Yakima Herald-Republic - 11/13/2022

Nov. 13---- Thomas M. Smith

Two new granite walls were dedicated Friday at the Jerry Taylor Veterans Plaza.

Its 22 granite walls — nearly 70 tons in total weight — make it one of the largest — if not the largest —veterans memorials by weight in the Pacific Northwest. And it's not finished.

"We don't intend to finish it in our lifetimes," said Greg Schlieve, commander of American Legion Post 73 in Sunnyside.

While the monument is seen as a point of pride in the city, it took Schlieve years of pushing against a city where people did not want to think about war and what those who went off to war had to do, as well as a recession.

A Vietnam War veteran — he served in the 5th Battalion, 7th Cavalry Regiment — Schlieve's efforts to build a memorial in Sunnyside started in 1995, when he was elected commander of the local chapter of the Veterans of Foreign Wars.

"I got a letter a few weeks later from the national organization congratulating me, saying it was the greatest year to be elected a commander," Schlieve recalled. It was the 50th anniversary of the ending of World War II, and the national organization recommended conducting a special service at the local World War II memorial on Memorial Day.

There was a problem: Schlieve didn't know where Sunnyside's memorial was. When he mentioned it to VFW members, several World War II veterans stormed out, saying that the town had never built them a memorial.

And the post's chaplain at the time told him that the city would never erect one for them.

The lack of a memorial goes back to Sunnyside's origins. The town almost became a ghost town in the Great Panic of 1893, but a group of German Baptist Progressive Brethren established the Christian Cooperative Colony there, bolstering Sunnyside's population enough to incorporate in 1902.

Because of the church's influence, Sunnyside became known as the "City of Churches," marked on many maps with a halo or a Christian cross.

When veterans came home from the war, their churchgoing friends and neighbors didn't want to hear their war stories or even acknowledge their service. Instead, they were told that people at home had it tough too, and it was better to leave the past behind and push ahead.

Schlieve said veterans who asked that their departed brothers-in-arms be remembered at high school reunions were squelched.

It rubbed him the wrong way, and Schlieve formed a group with World War II veterans to build the memorial they richly deserved.

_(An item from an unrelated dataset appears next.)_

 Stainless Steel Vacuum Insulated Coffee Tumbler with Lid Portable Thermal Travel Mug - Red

"I told them I was going to do it if I had to pay for it myself," Schlieve said.

The first memorial was erected at the city cemetery in 2001, shortly after the 9/11 attacks. But he faced a lot of resistance from church groups, who would send people out to accost him as he went to the post office or grocery shopping at Safeway.

"They would jump out of their cars and circle around me and tell me, 'Greg, what are you doing to this town? We don't honor the killing of people.'"

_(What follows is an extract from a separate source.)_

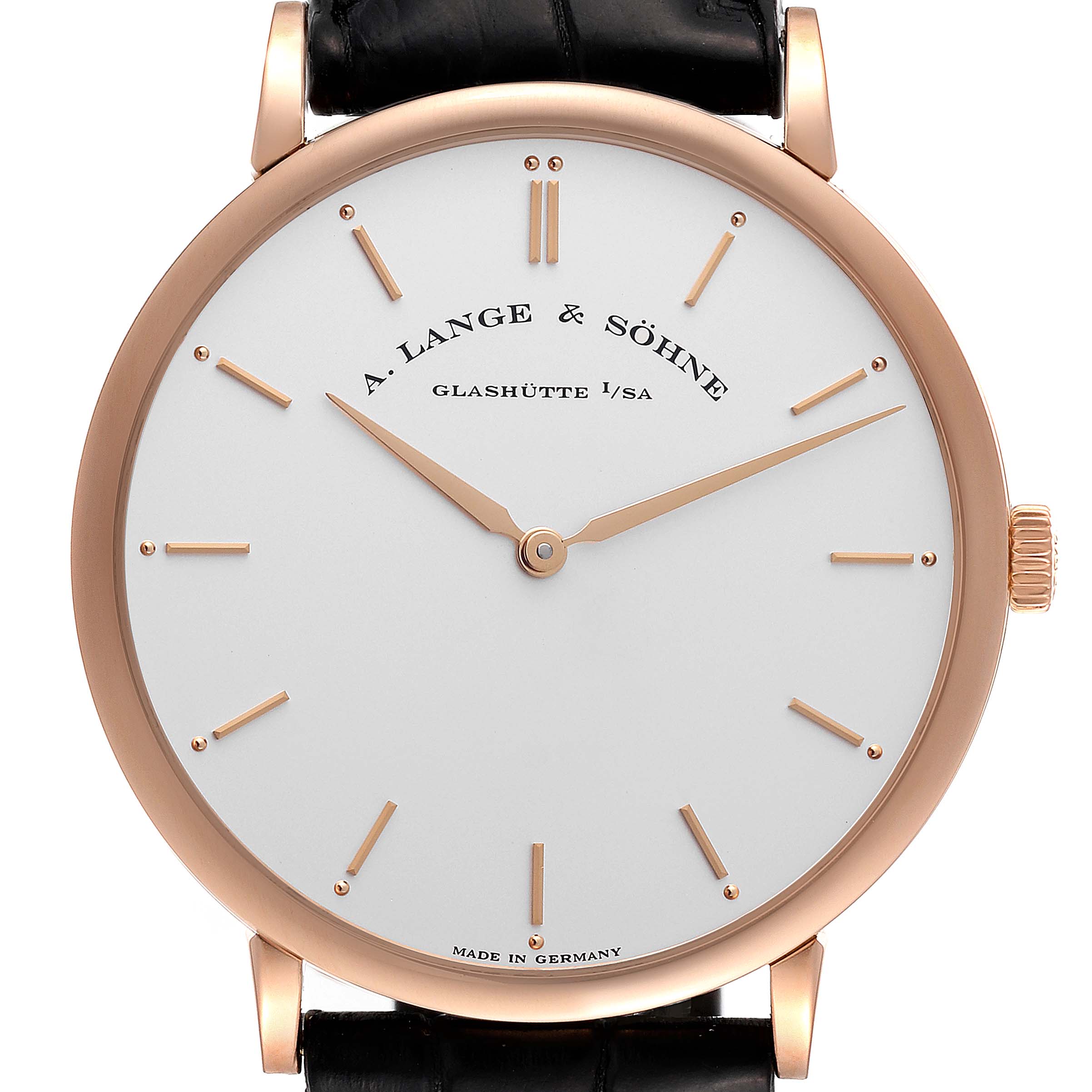 The image shows a front view of the A. Lange & Sohne Saxonia 211.032 Men's Rose Gold Silver Dial watch, displaying its dial, hands, case, and crown.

He said some of the church women told him that their husbands never talk about their war experiences, and it shouldn't be brought up.

Part of the financing for the project came from offering plaques bearing the names of veterans. He started getting calls from veterans asking if anyone had bought a plaque for them. Some of them bought their own plaques after their families didn't.

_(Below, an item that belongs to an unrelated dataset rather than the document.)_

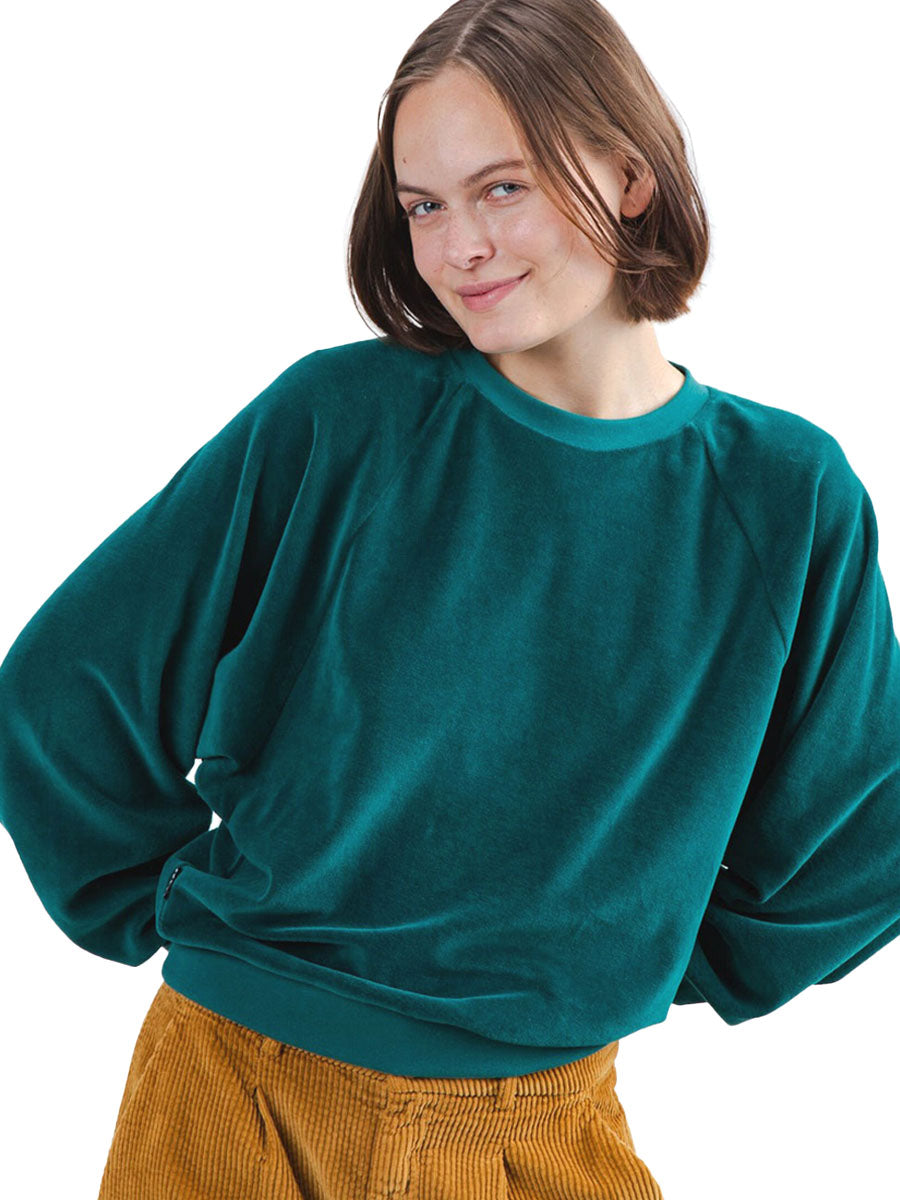 Velvet Raglan Sweatshirt - Green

That, combined with the post-9/11 surge in patriotism, helped win people over to the memorial.

The same church women who confronted Schlieve were now coming up and apologizing. Some would explain that their husbands had bought plaques on the monument and were calling friends and family to come down and see it.

These former critics, Schlieve said, finally realized how much it meant to veterans to recognize their service and talk about their experience.

"It was a major change in the community," Schlieve said.

That led the veterans to start considering a more prominent memorial. There was a small plaque honoring World War I veterans outside City Hall, and the idea was to create a bigger memorial to World War II veterans and others.

The city approved a plan for a plaza near South Ninth Street and East Edison Avenue in 2006. It would be named for former mayor and World War II veteran Jerry Taylor.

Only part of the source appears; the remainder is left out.